I don't need to answer 1,000 lines of a questionnaire where you only talk about the hashes themselves. That's all you've discussed, just the simple theory. It's absurd, it strays from the main topic, which is the probability of a prefix of N characters repeating within an estimated range and why it's less probable for this to occur relatively close to another. You're skipping over compound probability, Poisson distribution, statistical frequency. In short, you're misinforming the forum just to be right, and AI are terrible at reasoning.

Everyone here already has the general answer; it's not necessary to know mathematics to deduce that when you're looking to find a given prefix, the longer it is, the less likely you are to find it nearby than far away.

Why is it less likely to find identical prefixes that are close together?


Due to the random nature and independence of events, the probability that two rare events (like finding a specific long prefix) occur in nearby positions is extremely low. This is because we not only need a rare event to happen but for it to happen twice in a short space, which is even more unlikely. Therefore, in the case of probabilistic software, we use compound probability to calculate the probability of a given prefix appearing and the Poisson distribution to estimate the expected frequency of rare events(long prefix) over a wide range.

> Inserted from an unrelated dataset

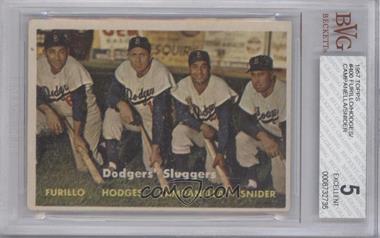 1957 Topps - [Base] #400 - Dodgers' Sluggers (Furillo, Hodges, Campanella, Snider) [BVG 5 EXCELLENT]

And yes, before you search in AI, two independent events, unrelated to each other, each maintains their own identical probabilities. But they change like when you flip 2 or more coins trying to get both heads.

Exercise:

Two subjects head to a casino, subject A called 'Near' bets with subject B that we will call 'Far'.

Far bets Near $1000 that he won't flip 3 coins and have all of them result in heads. Who has a higher probability of winning, Near or Far?